Nel nome di Dio gli eventi successivi si svolgano prosperi e per l'Italia nell'ora che volge e per il Duce, che con sicura e mirabile mano ben provvede alla patria.

Lecce, 13 febbraio 1929).

(Si legge nel testo cies per dies e dai per dat; il mio testo è corretto, a meno che non scappi al proto qualche nuovo errore).
Come si può notare, più che altro si tratta di una mera esercitazione, sul tipo di quelle che si usava comporre nelle scuole del tempo, infarcita di ricordi, non solo oraziani, ma anche nel metro, di più dimessi canti goliardici medievali.

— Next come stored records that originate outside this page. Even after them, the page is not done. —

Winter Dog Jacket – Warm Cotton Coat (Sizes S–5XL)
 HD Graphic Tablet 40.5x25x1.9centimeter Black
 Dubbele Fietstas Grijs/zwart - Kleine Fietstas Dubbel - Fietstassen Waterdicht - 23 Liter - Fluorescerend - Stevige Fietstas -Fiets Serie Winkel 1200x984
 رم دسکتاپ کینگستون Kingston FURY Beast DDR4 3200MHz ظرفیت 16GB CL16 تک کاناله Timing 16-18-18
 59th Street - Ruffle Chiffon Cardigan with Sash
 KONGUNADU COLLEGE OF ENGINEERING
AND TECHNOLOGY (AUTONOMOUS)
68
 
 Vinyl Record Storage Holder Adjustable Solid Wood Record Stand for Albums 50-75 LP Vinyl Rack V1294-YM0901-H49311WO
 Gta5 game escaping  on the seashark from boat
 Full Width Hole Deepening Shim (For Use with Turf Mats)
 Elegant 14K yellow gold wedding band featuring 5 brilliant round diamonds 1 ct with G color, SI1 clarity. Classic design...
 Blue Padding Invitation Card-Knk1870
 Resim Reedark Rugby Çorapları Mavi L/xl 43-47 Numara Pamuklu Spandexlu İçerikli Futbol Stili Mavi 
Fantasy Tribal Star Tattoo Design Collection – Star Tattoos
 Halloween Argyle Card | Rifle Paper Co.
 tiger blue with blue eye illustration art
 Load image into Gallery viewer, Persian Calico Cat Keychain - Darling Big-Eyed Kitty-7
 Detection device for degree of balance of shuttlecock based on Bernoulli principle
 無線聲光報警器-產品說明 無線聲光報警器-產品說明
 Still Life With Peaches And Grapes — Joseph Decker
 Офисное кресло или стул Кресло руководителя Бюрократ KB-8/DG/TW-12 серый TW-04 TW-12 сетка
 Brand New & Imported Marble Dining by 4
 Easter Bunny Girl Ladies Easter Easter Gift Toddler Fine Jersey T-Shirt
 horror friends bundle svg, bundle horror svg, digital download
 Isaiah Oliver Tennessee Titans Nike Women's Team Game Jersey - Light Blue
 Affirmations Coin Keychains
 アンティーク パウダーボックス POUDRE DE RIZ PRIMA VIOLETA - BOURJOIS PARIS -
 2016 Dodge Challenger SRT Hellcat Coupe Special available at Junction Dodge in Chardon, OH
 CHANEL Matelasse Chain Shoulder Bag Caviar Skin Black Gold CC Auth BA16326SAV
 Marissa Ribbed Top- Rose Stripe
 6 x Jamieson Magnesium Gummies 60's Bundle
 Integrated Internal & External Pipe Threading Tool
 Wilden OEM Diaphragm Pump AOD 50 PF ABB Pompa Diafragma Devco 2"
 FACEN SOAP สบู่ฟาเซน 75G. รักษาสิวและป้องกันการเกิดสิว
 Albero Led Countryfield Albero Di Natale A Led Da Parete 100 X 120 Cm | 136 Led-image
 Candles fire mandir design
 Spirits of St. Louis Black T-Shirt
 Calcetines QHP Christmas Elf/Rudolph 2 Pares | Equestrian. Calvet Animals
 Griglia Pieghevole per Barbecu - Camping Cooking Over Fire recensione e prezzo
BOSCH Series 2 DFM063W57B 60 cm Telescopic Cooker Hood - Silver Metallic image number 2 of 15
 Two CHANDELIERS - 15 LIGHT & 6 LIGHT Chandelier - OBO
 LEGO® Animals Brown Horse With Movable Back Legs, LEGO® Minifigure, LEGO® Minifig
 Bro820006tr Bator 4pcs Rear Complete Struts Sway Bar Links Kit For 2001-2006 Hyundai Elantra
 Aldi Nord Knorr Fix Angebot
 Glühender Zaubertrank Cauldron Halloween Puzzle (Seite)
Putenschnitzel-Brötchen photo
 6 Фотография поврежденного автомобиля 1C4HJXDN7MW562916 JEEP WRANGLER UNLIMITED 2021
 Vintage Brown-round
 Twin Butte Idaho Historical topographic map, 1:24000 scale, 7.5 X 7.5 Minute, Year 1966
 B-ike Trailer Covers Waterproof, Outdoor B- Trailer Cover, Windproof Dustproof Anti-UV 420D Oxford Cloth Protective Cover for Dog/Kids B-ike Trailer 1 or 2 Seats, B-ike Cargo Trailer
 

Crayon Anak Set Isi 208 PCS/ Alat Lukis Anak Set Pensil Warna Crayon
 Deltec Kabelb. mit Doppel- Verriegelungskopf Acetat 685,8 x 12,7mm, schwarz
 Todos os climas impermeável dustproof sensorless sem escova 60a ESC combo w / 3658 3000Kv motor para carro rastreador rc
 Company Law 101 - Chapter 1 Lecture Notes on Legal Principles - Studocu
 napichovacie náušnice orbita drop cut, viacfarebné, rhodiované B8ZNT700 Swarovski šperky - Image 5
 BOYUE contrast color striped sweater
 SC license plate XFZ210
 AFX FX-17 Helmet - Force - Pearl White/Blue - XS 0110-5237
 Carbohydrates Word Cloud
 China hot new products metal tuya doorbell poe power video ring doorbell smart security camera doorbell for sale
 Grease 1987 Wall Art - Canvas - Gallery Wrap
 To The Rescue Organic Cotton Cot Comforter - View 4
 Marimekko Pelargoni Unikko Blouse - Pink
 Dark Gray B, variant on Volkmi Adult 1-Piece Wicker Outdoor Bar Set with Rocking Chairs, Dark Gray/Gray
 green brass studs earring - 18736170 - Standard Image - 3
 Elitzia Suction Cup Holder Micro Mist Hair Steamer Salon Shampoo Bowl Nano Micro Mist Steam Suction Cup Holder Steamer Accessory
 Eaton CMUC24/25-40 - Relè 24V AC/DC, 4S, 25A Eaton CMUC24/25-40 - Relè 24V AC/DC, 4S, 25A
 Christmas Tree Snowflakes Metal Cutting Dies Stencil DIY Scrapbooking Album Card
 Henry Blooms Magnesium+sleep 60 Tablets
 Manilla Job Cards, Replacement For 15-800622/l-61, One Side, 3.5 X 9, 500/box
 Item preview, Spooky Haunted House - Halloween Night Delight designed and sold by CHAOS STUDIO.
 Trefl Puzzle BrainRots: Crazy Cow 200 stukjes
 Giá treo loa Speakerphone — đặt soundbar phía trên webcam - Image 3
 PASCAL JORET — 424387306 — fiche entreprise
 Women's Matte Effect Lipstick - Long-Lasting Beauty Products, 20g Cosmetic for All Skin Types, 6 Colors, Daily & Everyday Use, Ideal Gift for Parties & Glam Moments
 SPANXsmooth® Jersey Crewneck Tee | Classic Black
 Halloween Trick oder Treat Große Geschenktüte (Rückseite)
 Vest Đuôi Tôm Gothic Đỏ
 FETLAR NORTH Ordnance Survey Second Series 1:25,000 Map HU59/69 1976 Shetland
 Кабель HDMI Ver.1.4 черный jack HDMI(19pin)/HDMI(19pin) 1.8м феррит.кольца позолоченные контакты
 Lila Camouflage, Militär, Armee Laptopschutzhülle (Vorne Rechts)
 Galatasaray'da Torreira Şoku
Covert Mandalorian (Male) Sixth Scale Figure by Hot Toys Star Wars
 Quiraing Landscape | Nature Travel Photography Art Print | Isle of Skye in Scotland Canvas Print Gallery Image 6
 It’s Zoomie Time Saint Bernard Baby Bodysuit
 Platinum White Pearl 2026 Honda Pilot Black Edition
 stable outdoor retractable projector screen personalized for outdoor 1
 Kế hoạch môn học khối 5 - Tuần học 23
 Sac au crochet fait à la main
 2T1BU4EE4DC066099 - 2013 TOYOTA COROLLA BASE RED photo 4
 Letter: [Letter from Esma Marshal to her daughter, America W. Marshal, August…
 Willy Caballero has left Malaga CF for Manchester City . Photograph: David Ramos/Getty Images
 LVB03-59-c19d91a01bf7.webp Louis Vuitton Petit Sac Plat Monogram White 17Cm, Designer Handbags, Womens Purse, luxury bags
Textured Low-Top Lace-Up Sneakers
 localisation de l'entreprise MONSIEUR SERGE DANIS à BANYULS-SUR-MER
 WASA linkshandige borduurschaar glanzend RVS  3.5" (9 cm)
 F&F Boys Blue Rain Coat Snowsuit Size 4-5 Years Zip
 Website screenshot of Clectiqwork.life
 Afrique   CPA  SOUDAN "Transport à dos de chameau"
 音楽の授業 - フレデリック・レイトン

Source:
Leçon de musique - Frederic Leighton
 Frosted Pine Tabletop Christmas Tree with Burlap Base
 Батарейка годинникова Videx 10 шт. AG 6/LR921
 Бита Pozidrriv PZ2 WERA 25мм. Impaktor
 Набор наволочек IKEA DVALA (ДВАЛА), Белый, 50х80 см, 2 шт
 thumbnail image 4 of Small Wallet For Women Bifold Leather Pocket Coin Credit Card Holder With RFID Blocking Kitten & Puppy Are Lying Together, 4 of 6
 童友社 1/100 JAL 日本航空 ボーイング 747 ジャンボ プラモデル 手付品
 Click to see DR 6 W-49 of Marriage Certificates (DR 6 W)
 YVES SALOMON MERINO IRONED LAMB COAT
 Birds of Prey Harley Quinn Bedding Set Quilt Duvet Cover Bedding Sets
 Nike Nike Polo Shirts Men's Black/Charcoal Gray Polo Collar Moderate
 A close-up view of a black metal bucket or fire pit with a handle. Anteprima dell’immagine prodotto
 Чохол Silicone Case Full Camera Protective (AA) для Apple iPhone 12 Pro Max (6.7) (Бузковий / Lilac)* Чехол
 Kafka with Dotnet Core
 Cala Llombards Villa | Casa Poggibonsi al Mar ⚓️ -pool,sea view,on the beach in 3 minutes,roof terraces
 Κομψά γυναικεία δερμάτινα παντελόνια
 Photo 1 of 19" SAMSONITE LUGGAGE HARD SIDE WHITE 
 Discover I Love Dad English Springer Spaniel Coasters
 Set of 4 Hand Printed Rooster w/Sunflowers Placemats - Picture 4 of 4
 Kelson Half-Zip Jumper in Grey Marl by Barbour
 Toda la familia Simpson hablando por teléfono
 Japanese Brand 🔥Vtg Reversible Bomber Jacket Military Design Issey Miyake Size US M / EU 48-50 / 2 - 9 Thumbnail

Cose che oggi, prese in sé, non dicono più niente o quasi niente, ma che aprono anch'esse uno spiraglio sulla vita politica di quegli anni.
Le elezioni fasciste del 24 marzo erano alle porte e nell'Ordine del 22 dello stesso mese la Giunta Diocesana di Lecce delibera "di far obbligo a tutti gli iscritti alle organizzazioni di Azione Cattolica di partecipare in massa alle Elezioni plebiscitarie del 24 marzo ... per la ratifica del Trattato, per la sua applicazione, per il ringraziamento al Capo dello Stato per quanto ha fatto di bene alla Chiesa e alla Patria".
La lista unica venne poi approvata con 8.506.576 si contro 136.198 no. Né si votò più in Italia fino al 2 giugno 1946.
Un'ultima aggiunta: queste note provengono da un cattolico, convinto e praticante, che non può, come tale, scrivere per attaccare o denigrare la sua Chiesa; egli però crede che sia necessario e doveroso far conoscere, in spirito di umiltà e di verità, alcuni fatti del nostro più recente passato: per evitare di cadere in nuovi errori, oggi o anche domani.